Most of the teens that participated in the project were left behind as their parents left to cross over to the United States. The family dynamic shifts when the parents become providers and strangers to their own children left in Mexico. Immigration impacts not just those that have decided to leave but also those that are left behind. Once that teen is reunited with their family in the U.S. they must learn how to heal their relationship with their parents, learn a new language, and navigate in the social structures set in this new country. That is a lot for a teenager to bear—then, add the fear of deportation to the mix.
This was one of the reasons that led me to create my “Familias Separadas” project, a series of temporary site-specific public art works marking the locations and documenting stories of immigrant families affected by deportations in the city of Philadelphia. The immigrant families involved in the project see Philadelphia as a safe haven, where their children will grow to be the next generation of Philadelphians (like myself/a child of immigrants) that will contribute to the livelihood and fabric of our city. Philadelphia is a sanctuary for immigrants and honoring their contributions to the growth of the city is crucial especially during the current national anti-immigrant climate. For these reasons, this project is important because it offers a platform to tell the stories of our undocumented immigrant communities that are often unheard in mainstream media.
For over a year and a half, I worked with undocumented youth and families in partnership with Juntos. I collected audio stories from undocumented families that reveal the moment their loved ones were deported and how their lives changed before and after deportation. Several times I had to rearrange the structure of my workshops and sessions to accommodate the working schedules of the families and to gain trust with the interviewees that were courageous in sharing their stories. In the artworks, I wanted to shift the focus from the statistics and numbers of people that have been deported and have others see the individual father, mother, or brother who has been torn apart from their families. The temporary image that eventually faded reflects the fading presence of the person who has been deported. My intention was to bring the stories of the deported back to the places where they worked, dreamed, and loved, and have other see the humanity that lies there.
In October 2015, I installed five large-scale artworks representing the stories of each family that were then placed in key locations in Philadelphia. Each temporary work of art is accompanied by an audio story and was either digitally produced or created using large-scale stencils depicting portraits, images, and text based on the personal stories I collected. The project was highlighted as part of the Open Source city-wide project led by curator Pedro Alonzo and the Philadelphia Mural Arts Program.
The key locations were both highly visible in the city and in the neighborhoods where the participating families live. I walked through the streets day by day and selected each site for a particular reason.

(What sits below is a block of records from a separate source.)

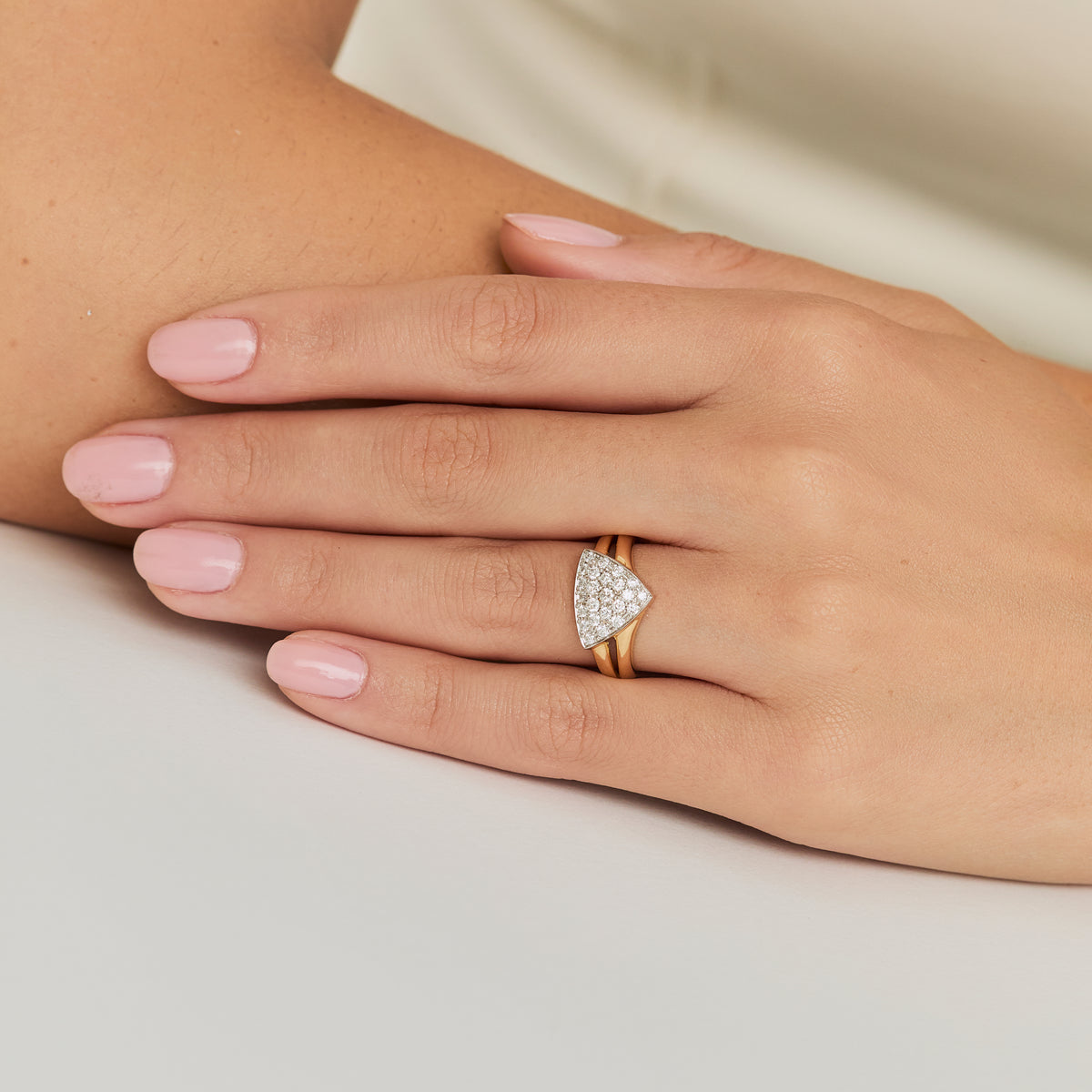 Anillo en oro amarillo 18K triangular pavé con rodio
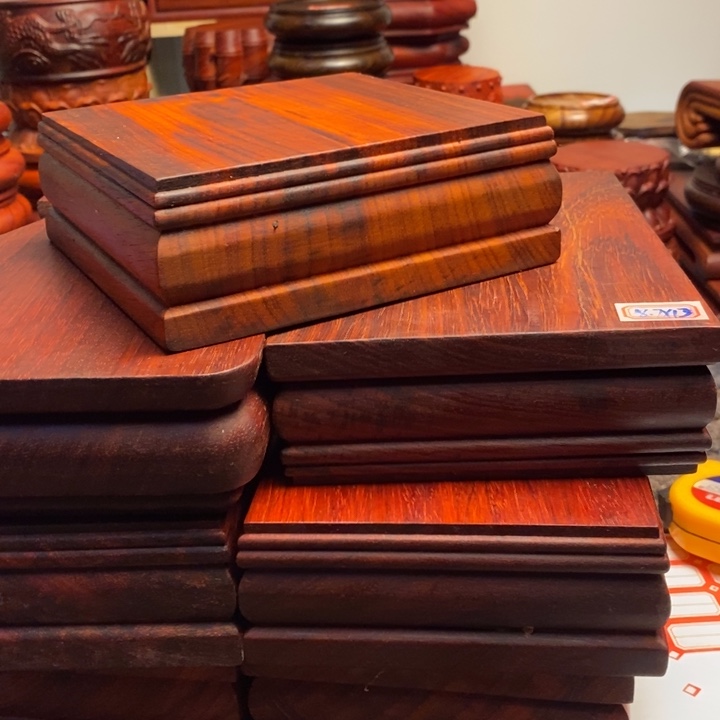 阳***y木长方瑕大小有185元瑕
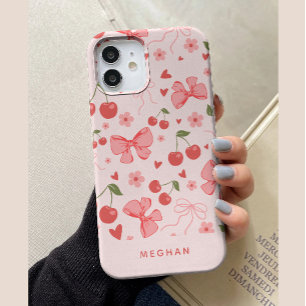キュートなピンクのコケット チェリーとリボンのカスタムデザイン iPhone 15ケース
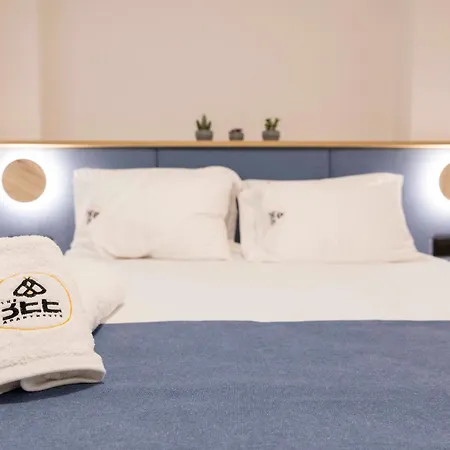 The Bee نِكيانا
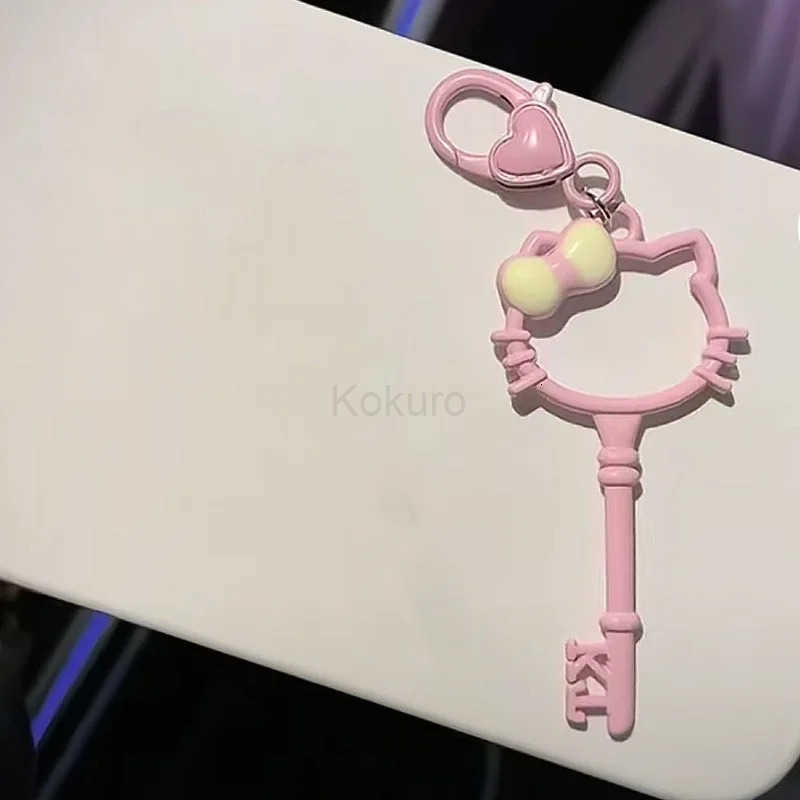 Cute Keychain Creative Car Keychains Bag Pendant Jewelry Trinket Girls Car Key Ring Pendant Friends Gift Key Chains for Women M250912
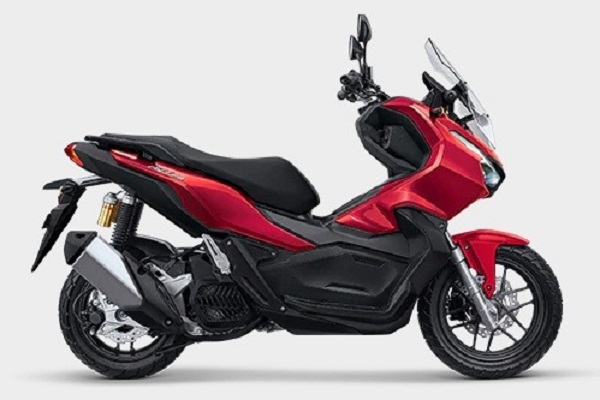 Honda ADV 150 đời 2022 được ra mắt, bổ sung thêm phanh đĩa sau. Xe vẫn dùng động cơ 150 cc thay vì nâng cấp lên động cơ 157 cc như Honda PCX 160.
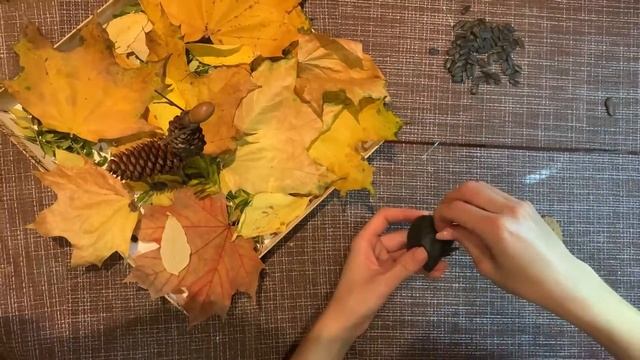 Марина Костяная, воспитатель Школы № 1368. Поделка из природного материала «Звери в осеннем лесу» смотреть онлайн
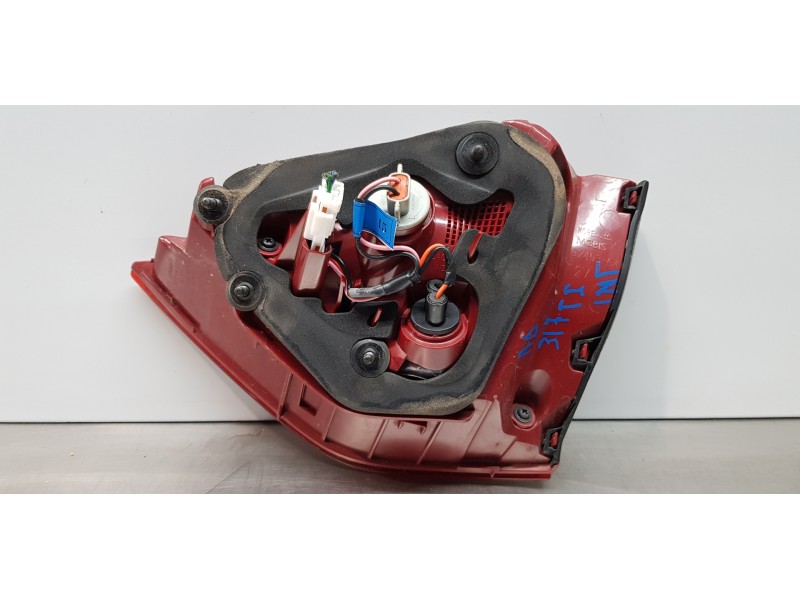 Recambio de piloto trasero izquierdo interior para hyundai i30 fastback tecno referencia OEM IAM 92403G4400  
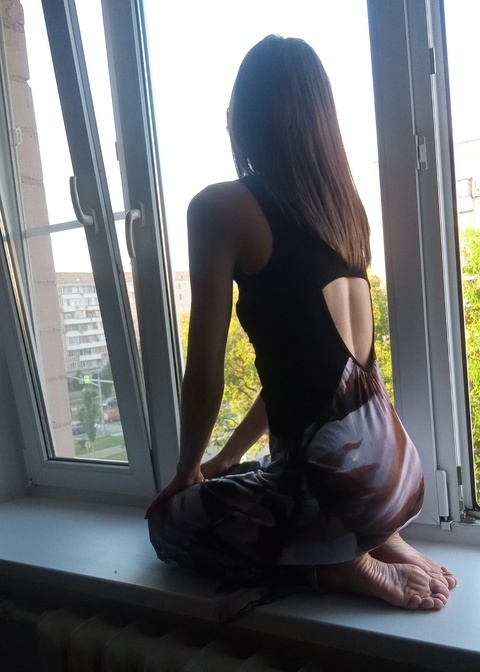 Это я в платье за 300р.  Обожаю.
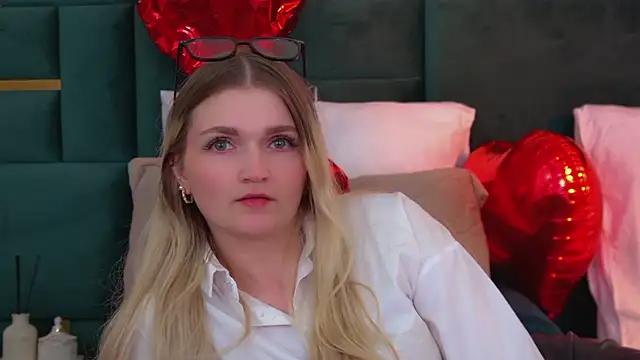 Snapshot of AnnyRaii chatting on 02/14/26, 06:08 AnnyRaii online show from 02/14/26, 06:08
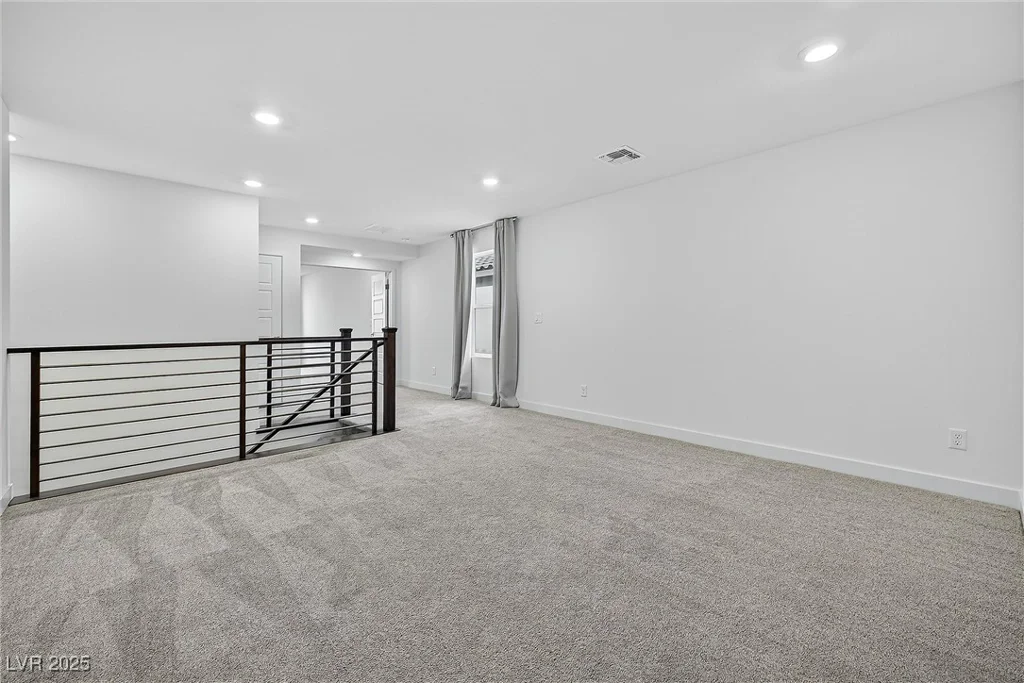6930 Dandelion Park, Las Vegas, NV 89113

Philadelphia’s City Hall Courtyard, which marks the center point of the city, had the image of Maria standing in front of the statue of William Penn. Her portrait sat in the center of the painted Compass Rose that served as a symbol of searching for a new destination, a new place to call home.
Maria's husband lived in Philadelphia and was deported. He attempted to cross the border again to be reunited with his family. He was caught by ICE in Texas and now has 6 months left in his 3-year jail sentence in California. Once his sentence is over, he will be sent back to Mexico. Maria continues to live in Philadelphia and has five children that she is taking care of. She speaks about the difficulty of making the decision to stay or leave to Mexico to be reunited with her husband. Click here to listen to Maria's story in English.
LOVE Park is filled with tourists taking selfies and families playing around the fountain. The famous LOVE statue by Robert Indiana served as a perfect juxtaposition to my installed work “Te Amo” (I Love You) which represents the story of Suyapa, a Honduran undocumented mother. Suyapa proudly wears this gold necklace on her chest. It is a memory of her oldest daughter that she carries with her. Suyapa left Honduras fleeing violence, crossed the border with her two youngest daughters, was detained in Texas, and is now fighting deportation proceedings in Philadelphia. Suyapa speaks about love and what happens to love when you leave or are forced to leave. Click here to listen to Suyapa's story in English.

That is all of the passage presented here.